"Glam Slam" is a song by American musician Prince, and the second single from his tenth album, Lovesexy (1988). The song has sexual overtones with a spiritual undertone and fits the Lovesexy theme of integrating God and sex. The song is complex musically, recalling "Life Can Be So Nice" from Parade. It ends with a chorus of strings (played on the keyboard). A 12" single remix of the song by Shep Pettibone and Steve Peck mainly includes dance beats and extra instrumentation and samples.

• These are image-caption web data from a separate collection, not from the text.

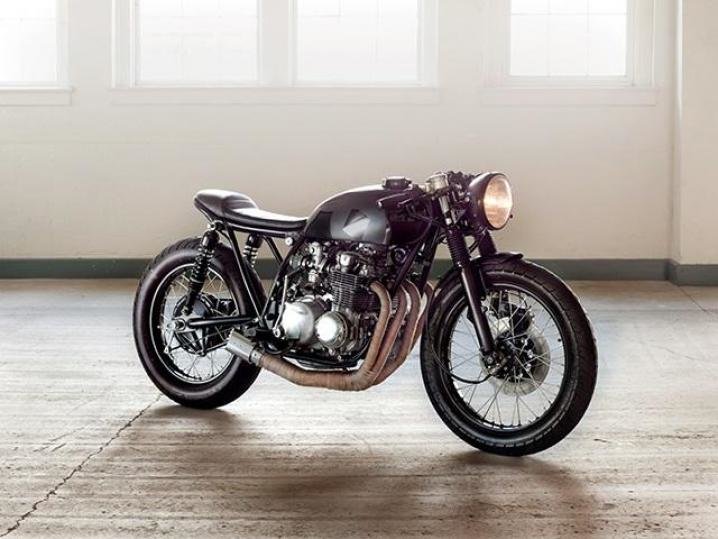 honda cb 750 cafe racer фото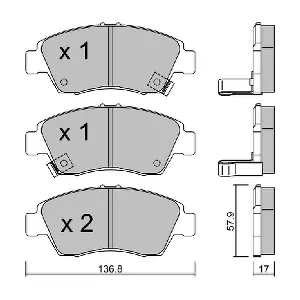 BPHO-1001 AISIN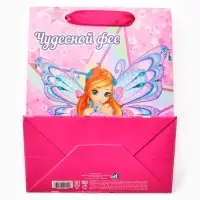 Пакет подарочный детский Winx, MS 18&times;23&times;10 см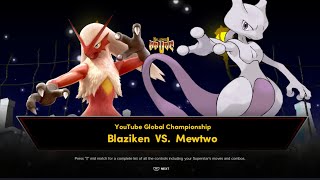 YouTube Halloween Havoc Blaziken vs Mewtwo [upl. by Aeiram]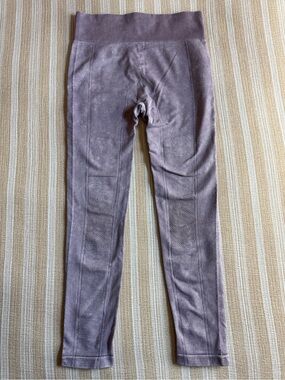 NWOT Seam-Detail Mauve Active Leggings SUPER CUTE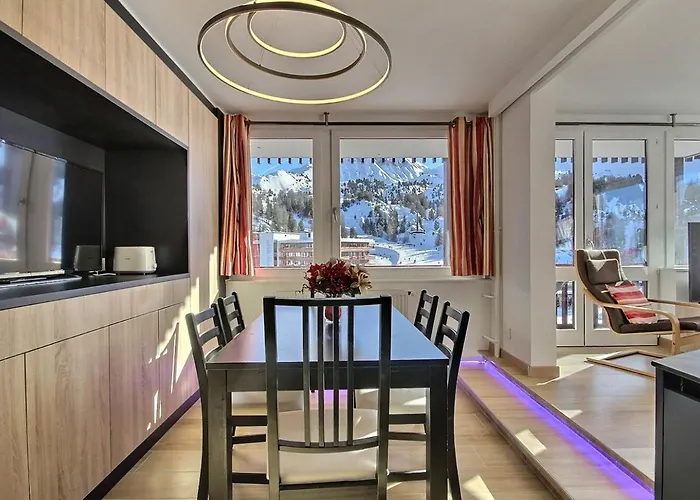 Magnifique Renove, Balcon, Wi-fi, - Fr-1-455-47 * La Plagne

The B-side, "Escape (Free yo mind from this rat race)", is somewhat of a remix, sampling the chorus from "Glam Slam", but adding all new lyrics and a funky bass guitar. The theme of "Escape" is more anti-drugs and gangs and is generally more of a dance number than "Glam Slam". The edit of "Escape" was included on 1993's The Hits/The B-Sides.

The opening lines to "Escape" were lifted from the Camille outtake, "Rebirth of the Flesh". These lines also kicked off the Lovesexy World Tour, before leading into "Erotic City".

Prince recorded a new version in 1991 called "Glam Slam '91" that later was the basis of "Gett Off" from Diamonds and Pearls.

Glam Slam nightclubs
In late 1989, Prince and Gilbert Davison (former Prince Manager and President of Paisley Park) opened a nightclub in Minneapolis named after the song and partially decorated with paintings by Brian Canfield Mitchell. After eight years of frustration vis-a-vis its more established rival First Avenue, he then sold his 10% stake in the club and Gilbert Davison renamed it The Quest. The club became one of the premier nightspots in the Twin Cities, rivaling First Avenue as a live music venue, before closing in 2006 due to a fire in the club. The building was reconfigured following the closure and reopened as the nightclub Epic.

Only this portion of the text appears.